Chantal Vandierendonck (born 31 January 1965) is a Dutch former professional wheelchair tennis player. Vandierendonck won various wheelchair tennis championships held by the International Tennis Federation and multiple Paralympic medals from 1988 to 1996. She was inducted into the International Tennis Hall of Fame in 2014.

==Early life==
Vandierendonck was born on 31 January 1965 in the Netherlands. She became a paraplegic after a car accident when she was eighteen.

==Career==
After meeting wheelchair tennis player Jean-Pierre Limborg in Paris, Vandierendonck began her tennis career at a French competition in 1983. In 1985, she won her first out of seven Super Series U.S. Open championships with her last win in 1993. Alternatively, Vandierendonck participated in the first team event at the ITF Wheelchair Tennis Tour in 1996 and co-won the ITF's women's doubles cup in 1997. During her time at the ITF in the 1990s, she was named ITF World Champion three times and won the Wheelchair Tennis Masters in 1996.
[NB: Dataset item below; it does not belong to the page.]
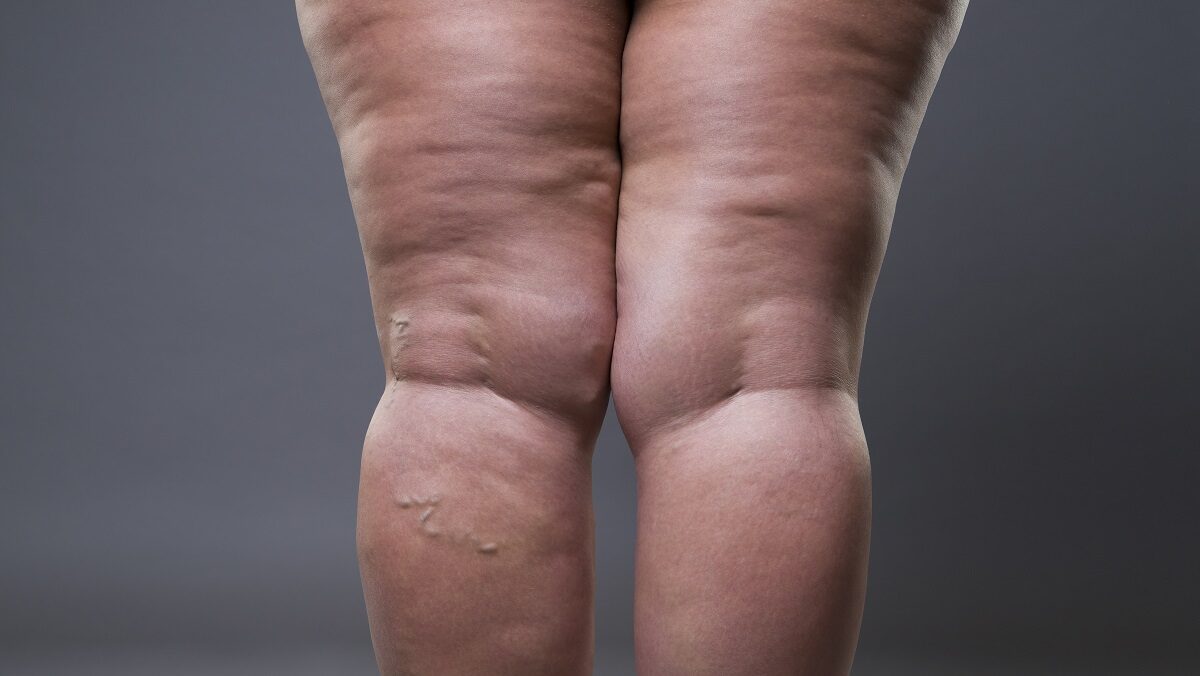 Mulheres com lipedema podem fazer musculação?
Outside of the ITF, Vandierendonck competed at the Paralympic Games for wheelchair tennis in both singles and doubles. Her first Paralympic medal was at the demonstration of wheelchair tennis at the 1988 Summer Paralympics. She won additional Paralympic medals at the 1992 Summer Paralympics and 1996 Summer Paralympics.

==Awards and honours==
In 2010, Vandierendonck was given the Brad Parks Award. After her nomination to the International Tennis Hall of Fame in 2013, Vandierendonck was inducted into the ITHF in 2014 as the first inductee in wheelchair tennis. She joined the Wheelchair Tennis Hall of Champions in 2026 for the International Tennis Federation.